Can you tell our readers more about your group activity? What was the assignment?
For five non-consecutive days of our summer internships, Digital Strategy Directorate interns worked together in teams to make a dataset useful to a target audience of our choice. Along the way, we learned about key concepts of user-centered design and data transformation. The activity was called a “design sprint”, which meant we had to make decisions quickly and later return to them in order to check our assumptions. Our focus was less on the final product and more about the process – what was it like working with the dataset? What kinds of needs could we anticipate from the user?
How did you approach the design sprint as a group? What dataset did you work with?
After a lot of deliberation, we came together as a team (we named ourselves ‘Digivision’) and decided to use Web Archives Derivative datasets. These media files included files from tabular, pdf, audio, image and PowerPoints archived from websites ending in .gov.
We decided to use a derivative dataset of 1000 PowerPoints because we were interested in the amount of rich textual and visual information contained in them. We knew this might be harder to work with, both intellectually and literally; there was a lot of background information to understand about web archives. As a derivative dataset the archiving team made a series of decisions to create the dataset before we began working with it. Uncovering the background information helped us to understand the impact of the choices. Because it was a random sampling, the content of each PowerPoint was quite unrelated, and difficult to imagine why a specific user group might want to search information captured in the PowerPoint medium. Nevertheless, we found great interest in the possibilities of these Web Archive datasets, so we pushed forward.
What were some of those challenges you encountered while working with this dataset?
There were quite a few blockers that hindered the use of the dataset. The dataset comes in at about 3.6 GB, which is a big download for anyone. Our team had trouble, to the point where most of us couldn’t download the dataset and view its contents at all. It is difficult and time consuming to browse through the files as they are currently, and as we discovered in our user interview, many people aren’t aware of this resource.
With these considerations in mind, we came up with our core problem to solve: how can we make a product that is easy to navigate without having to download each file, and in turn, make this dataset more accessible?
Fascinating to hear how this activity encouraged you to really experience firsthand the complexities of working with large datasets. How did your proposed design solve that problem?
The conceptual solution we settled on was to create a searchable database for these 1,000 PowerPoints. It would give background and context to the dataset, and give users the opportunity to group the files by date, geography, topic, and many others. The first iteration of our prototype, shown here, includes a search box with the ability to search by publishing website, keyword, etc. On the homepage, it shows the user a random PowerPoint from the collection. At the bottom, we imagined ways to browse them via data visualizations – so by color, how many times the presentation was revised, and others.
Our final “pen and paper” prototype attempts to meet the needs of two different categories of audiences identified: novices and advanced researchers. We did this by creating two landing pages that are responsive to the specific needs of both of these groups, which are described below.
We made the researcher page more dependent on the user for search inquiries that expose a narrow set of data.

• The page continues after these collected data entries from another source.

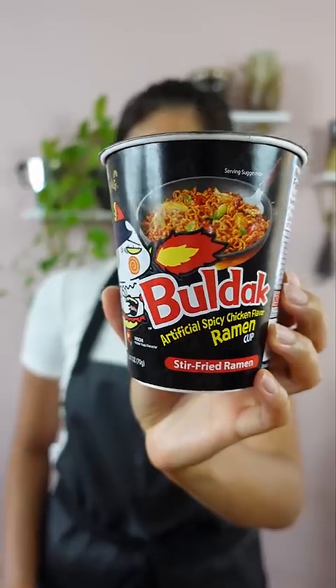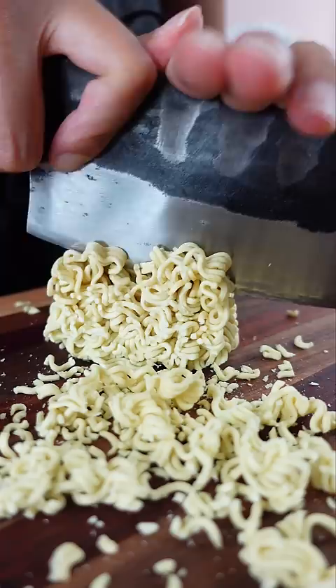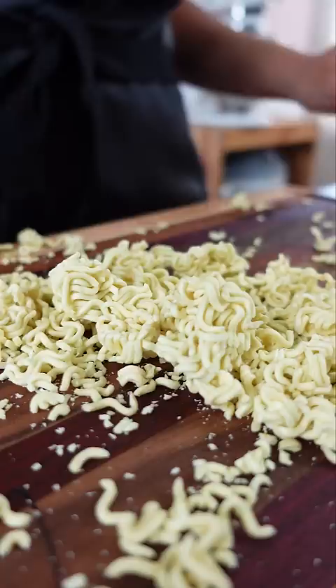I made instant ramen wrong. I messed it up. I've made this super spicy ramen a couple times before, too. You'd probably say that instant ramen is one of the easiest things to make, but I don't make instant ramen often, and okay, honestly, that's not a good excuse.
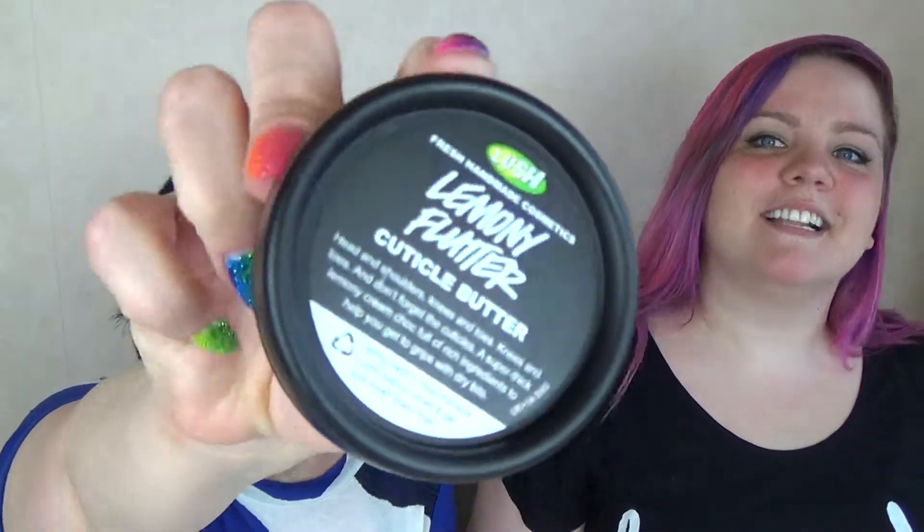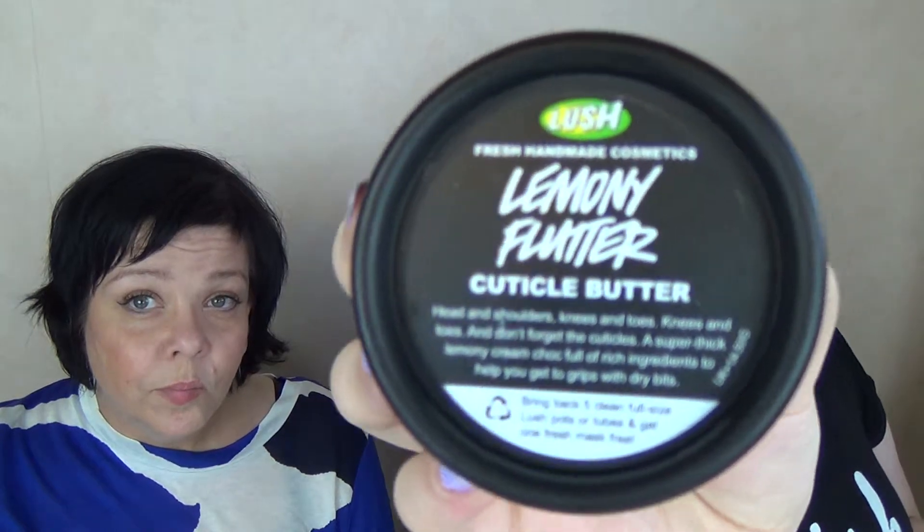Hello, we are Two Sisters of Beauty and today we're going to talk about Lemon Flutter from Lush. This is a product that we have very different opinions of. It's a cuticle butter and you can use it anywhere on your body where you are dry, but it's intended specifically for your cuticles — even those working in the store recommended using it all over your body.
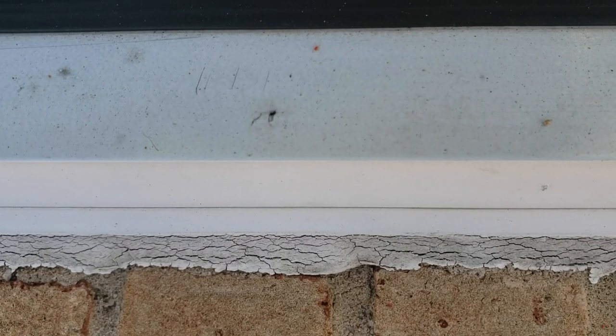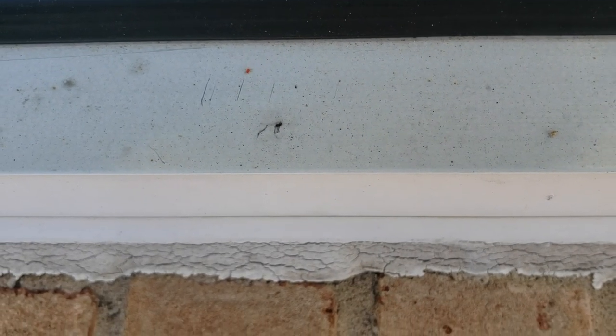After vacuuming them up, we applied a liquid microencapsulating application. Once the product is applied, it leaves behind thousands of microparticles that bind to the surface. Once the clover mites come in contact with this treatment, they are eliminated.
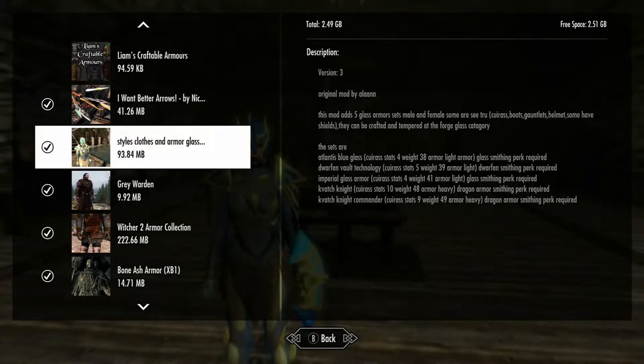Hi everybody, so we're looking at styles, clothes, and armor glass sets — or armor is what we want to call them. We're going to add five glass armor sets, male and female, some are see-through.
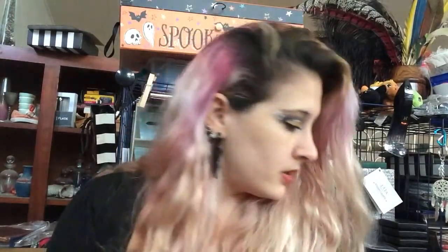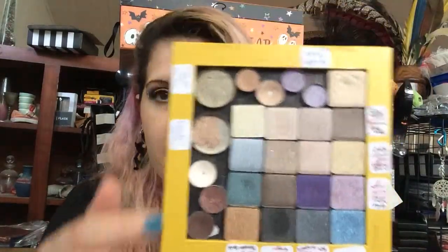I did two looks this week using that middle shade because I want to hit pan on that one. Once the base shade is gone, I'm gonna move these two shades into the other palette so that it's all in one palette and I don't keep grabbing for this one.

On the other hand, we wanted to have another, friendlier entry point that allowed for broader, open exploration.
Our thinking was that researchers may be asking more targeted questions that may help them find their specified document whereas novices would enjoy interactive ways of searching that may spark curiosity and provide multiple routes to searching.
Moreover, the novice page has an imaginary ‘learning guide’ linked at the bottom to help them better explore/understand the data set. These sorts of adjustments remedied perceived tensions between the needs of the divergent user groups and incorporated feedback from an interview we did with two hypothetical users.
Oh interesting! Can you say more about this imagined possible user of the dataset?
After some brainstorming, we came up with three potential user bases with a spread of novice and advanced technical skills: researchers, undergraduate students, and data visualization artists.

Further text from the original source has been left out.